How to complete this task –
Each record that follows must be printed exactly as given.

(Short web captions)
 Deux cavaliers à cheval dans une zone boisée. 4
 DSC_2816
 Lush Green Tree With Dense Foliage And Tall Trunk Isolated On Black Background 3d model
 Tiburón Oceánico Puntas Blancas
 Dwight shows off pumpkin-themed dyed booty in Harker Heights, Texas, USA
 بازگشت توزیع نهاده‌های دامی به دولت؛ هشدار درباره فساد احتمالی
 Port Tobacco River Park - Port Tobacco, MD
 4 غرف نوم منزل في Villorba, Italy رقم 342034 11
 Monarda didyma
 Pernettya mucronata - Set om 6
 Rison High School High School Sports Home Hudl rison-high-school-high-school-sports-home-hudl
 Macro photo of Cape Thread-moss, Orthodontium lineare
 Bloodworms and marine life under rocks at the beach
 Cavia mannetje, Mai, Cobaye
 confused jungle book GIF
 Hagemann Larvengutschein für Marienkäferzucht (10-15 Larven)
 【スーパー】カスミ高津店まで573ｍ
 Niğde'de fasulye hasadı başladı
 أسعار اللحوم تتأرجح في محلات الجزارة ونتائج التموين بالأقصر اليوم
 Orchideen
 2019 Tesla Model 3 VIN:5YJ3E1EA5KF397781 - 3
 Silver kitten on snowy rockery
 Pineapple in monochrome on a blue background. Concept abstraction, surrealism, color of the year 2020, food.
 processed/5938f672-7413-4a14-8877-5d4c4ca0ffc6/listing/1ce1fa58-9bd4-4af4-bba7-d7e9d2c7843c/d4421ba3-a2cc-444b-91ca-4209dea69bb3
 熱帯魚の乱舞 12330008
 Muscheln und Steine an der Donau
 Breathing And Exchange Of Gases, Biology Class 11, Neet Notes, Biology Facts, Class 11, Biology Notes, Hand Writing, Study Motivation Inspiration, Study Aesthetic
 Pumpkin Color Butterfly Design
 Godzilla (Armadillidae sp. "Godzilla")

Response area –
 Deux cavaliers à cheval dans une zone boisée. 4
 DSC_2816
 Lush Green Tree With Dense Foliage And Tall Trunk Isolated On Black Background 3d model
 Tiburón Oceánico Puntas Blancas
 Dwight shows off pumpkin-themed dyed booty in Harker Heights, Texas, USA
 بازگشت توزیع نهاده‌های دامی به دولت؛ هشدار درباره فساد احتمالی
 Port Tobacco River Park - Port Tobacco, MD
 4 غرف نوم منزل في Villorba, Italy رقم 342034 11
 Monarda didyma
 Pernettya mucronata - Set om 6
 Rison High School High School Sports Home Hudl rison-high-school-high-school-sports-home-hudl
 Macro photo of Cape Thread-moss, Orthodontium lineare
 Bloodworms and marine life under rocks at the beach
 Cavia mannetje, Mai, Cobaye
 confused jungle book GIF
 Hagemann Larvengutschein für Marienkäferzucht (10-15 Larven)
 【スーパー】カスミ高津店まで573ｍ
 Niğde'de fasulye hasadı başladı
 أسعار اللحوم تتأرجح في محلات الجزارة ونتائج التموين بالأقصر اليوم
 Orchideen
 2019 Tesla Model 3 VIN:5YJ3E1EA5KF397781 - 3
 Silver kitten on snowy rockery
 Pineapple in monochrome on a blue background. Concept abstraction, surrealism, color of the year 2020, food.
 processed/5938f672-7413-4a14-8877-5d4c4ca0ffc6/listing/1ce1fa58-9bd4-4af4-bba7-d7e9d2c7843c/d4421ba3-a2cc-444b-91ca-4209dea69bb3
 熱帯魚の乱舞 12330008
 Muscheln und Steine an der Donau
 Breathing And Exchange Of Gases, Biology Class 11, Neet Notes, Biology Facts, Class 11, Biology Notes, Hand Writing, Study Motivation Inspiration, Study Aesthetic
 Pumpkin Color Butterfly Design
 Godzilla (Armadillidae sp. "Godzilla")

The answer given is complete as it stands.